G9a is a histone lysine methyltransferase belonging to Su (Var) 3 to 9 family, and can catalyze dimethylation and histone H3 lysine 9, causing gene silencing at transcriptional level. Evidences indicate that histone methylation is a major reason for the silencing of tumor suppressor genes.[12,13] Thus, G9a has been reported to be involved in the progression of different cancers, such as ovarian cancer, lung cancer and so on.[14–16] Increased expression of G9a in human cancers suggests that it may be a cancer promoter.[17,18] In addition, previous studies on GC reported that the knockdown of G9a could induce cell apoptosis in GC, suggesting its crucial role in this malignancy. However, there are few studies on the prognostic significance of G9a in GC.
In the present study, we attempted to evaluate the expression patterns of G9a and its prognostic value in GC through Kaplan–Meier survival analysis and Cox regression assay.
2 Materials and methods
2.1 Patients and tissue specimens
In this study we collected 142 GC patients who received surgery at Hubei Cancer Hospital. No cases had received any therapy (chemotherapy or radiotherapy) before operation. One hundred forty-two pairs of GC tissues and adjacent noncancerous tissues (no less than 5 cm from tumor edge) were collected and immediately frozen in liquid nitrogen before stored at −80°C for standby use. All patients were diagnosed by 2 pathologists based on the diagnosis criteria from the World Health Organization. Clinicopathological features of these patients were summarized in Table 1, including age, gender, disease type, pathological type, differentiation (low grade: well/moderate differentiated and low-grade/moderate malignancy; and high grade: poorly differentiated and high-grade malignancy, based on bipolar grading), lymph node metastasis and TNM stage. Moreover, all of the patients were followed up for 5 years, and relevant information was collected through telephone calls or letters. This research was approved by the Ethics Committee of Hubei Cancer Hospital (approval number: 20150844). Written informed consents were signed by the participators or their families.

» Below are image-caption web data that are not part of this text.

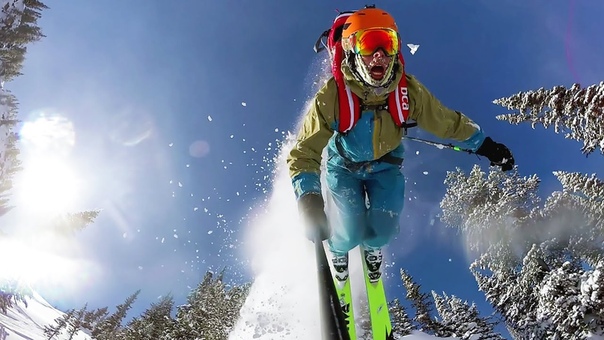 Go Pro: Snow Daze Line of the Winter 2014, 2015 Highlight powered by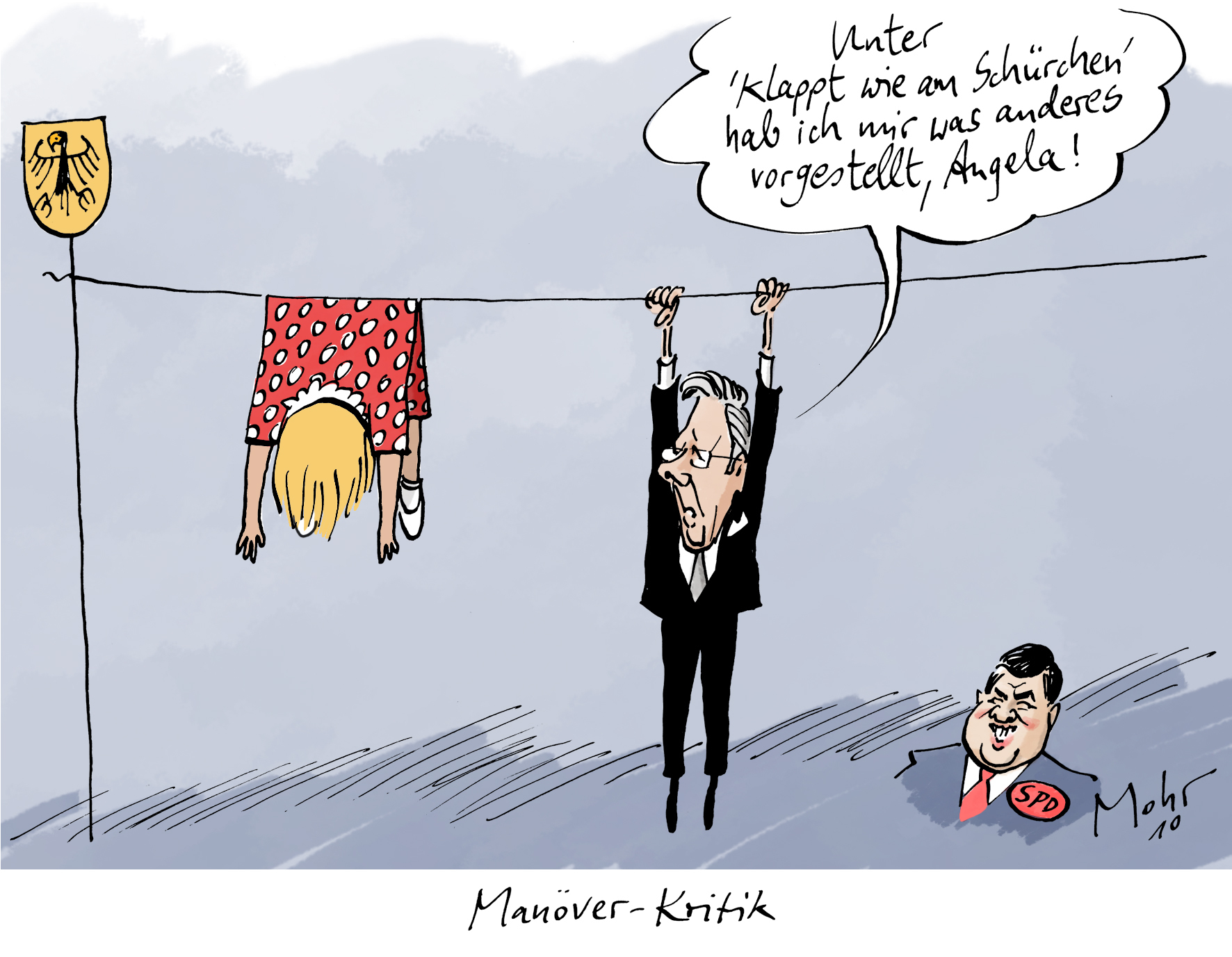 Manöver-Kritik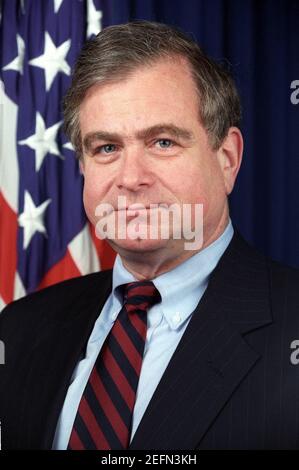 Official Portrait of United States National Security Advisor Samuel Richard ''Sandy'' Berger. Stock Photo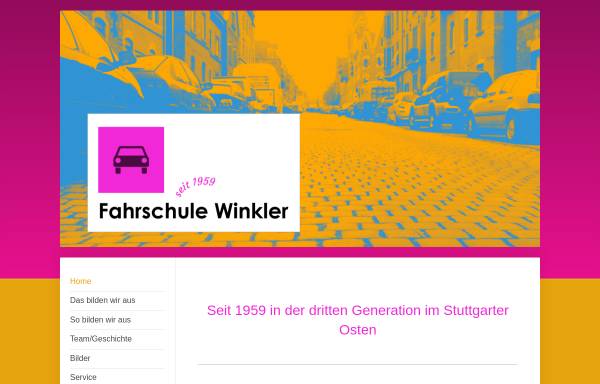 Vorschau von www.fswinkler.de, Fahrschule Winkler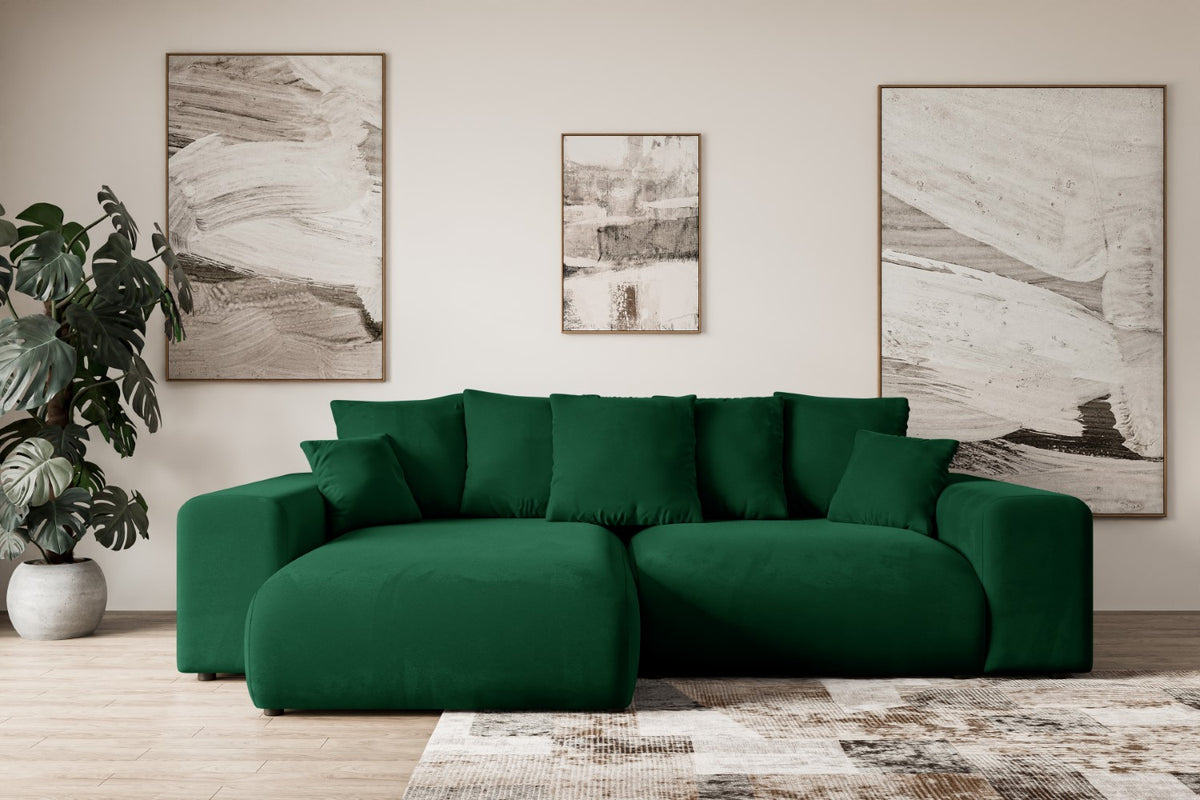 Ecksofa ESKAR-L Samt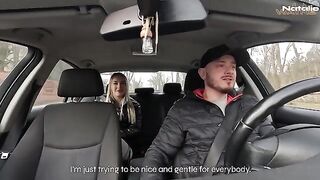 The luckiest taxi driver ever with steamy encounters!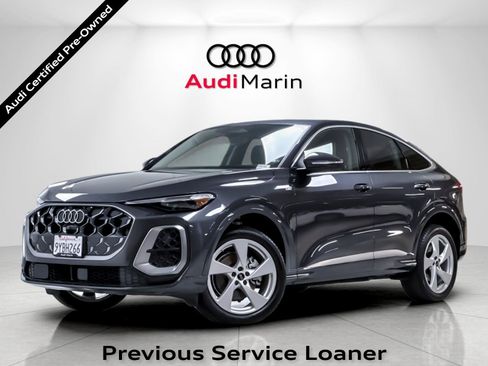 Certified 2025 Audi Q5 Premium Plus w/ Premium Plus AWD/4WD image 1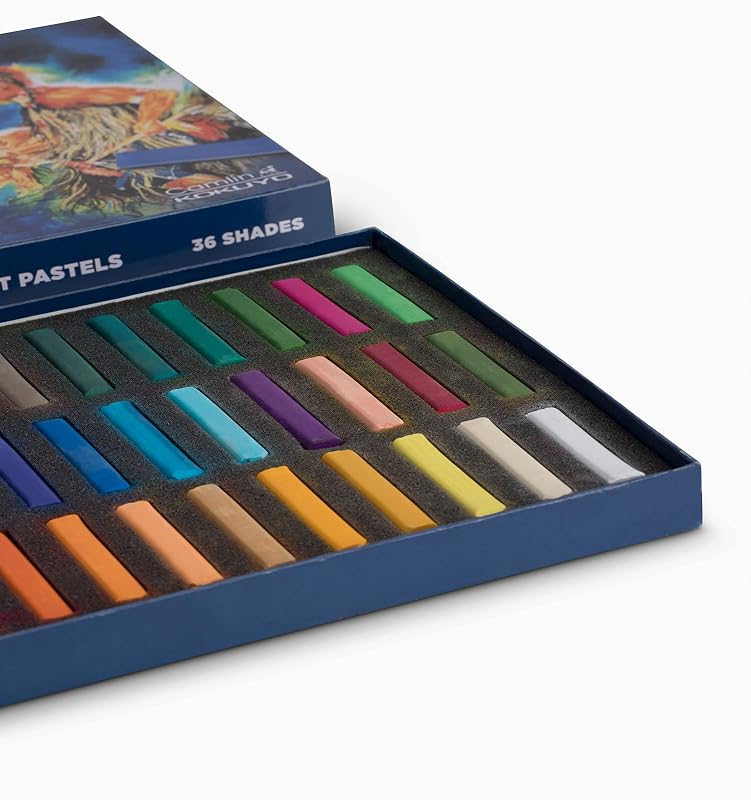 Camel Soft Pastels, 36 Shades (Multicolor)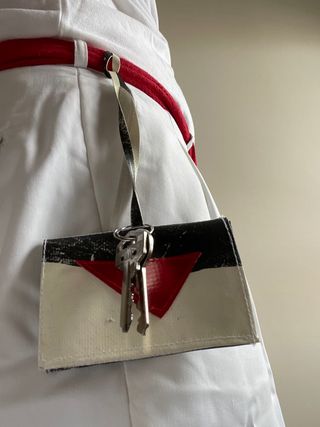 Cartera carterica faltriquera bragada San Fermin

2.2 RNA extraction and qRT-PCR
TRIzol reagent (Invitrogen, Carlsbad, CA) was adopted to extract total RNA from both cancer tissues and normal samples following the producer's instructions. The concentration of RNA was estimated with NanoDrop ND-1000 (NanoDrop, Wilmington, DE). The first chain of cDNA was synthesized using PrimeScript reverse transcriptase (RT) reagent kit (TaKaRa, Shiga, Japan). 7300 Real-Time PCR System (Applied Biosystems, USA) and YBR Green PCR master mix (Applied Biasystems, USA) were applied for qRT-PCR reaction. Primers used in this reaction were designed with Primer Express software. GAPDH gene was adopted as the internal control gene to normalize G9a expression. Total primers were as follows: G9a forward: 5’-TTCAGTCTCTACTATGATTTT-3’, reverse: 5’-ATCATAGTAGAGACTGAATT-3’; GAPDH forward: 5′-AATGGGCAGCCGTTAGGAAA-3′; reverse: 5′-TGAAGGGGTCATTGATGGCA-3′. Final relative G9a expression was calculated with 2−ΔΔCt method.
2.3 Statistical analysis
Statistical analysis was performed with SPSS 18.0 software (SPSS Inc, Chicago, IL). All data in statistical analyses were expressed as mean ± SD. Differences in G9a expression between GC tissues and paired noncancerous samples were explored adopting Student t test. Chi-square test and t test were used to analyze the relationship between G9a expression and clinicopathological features of GC patients. GC patients were divided into low- and high-expression groups according to the median of G9a expression. Survival analysis was performed with Kaplan–Meier method, and differences were calculated with log-rank test. Cox regression analysis was adopted to assess the prognostic values of G9a and clinicopathological characteristics in GC patients. Additionally, ROC (receiver operating characteristic curve) was used to calculate the diagnostic cur-off for G9a in GC. Statistical significance was set at P < .05. All experiments were repeated three times.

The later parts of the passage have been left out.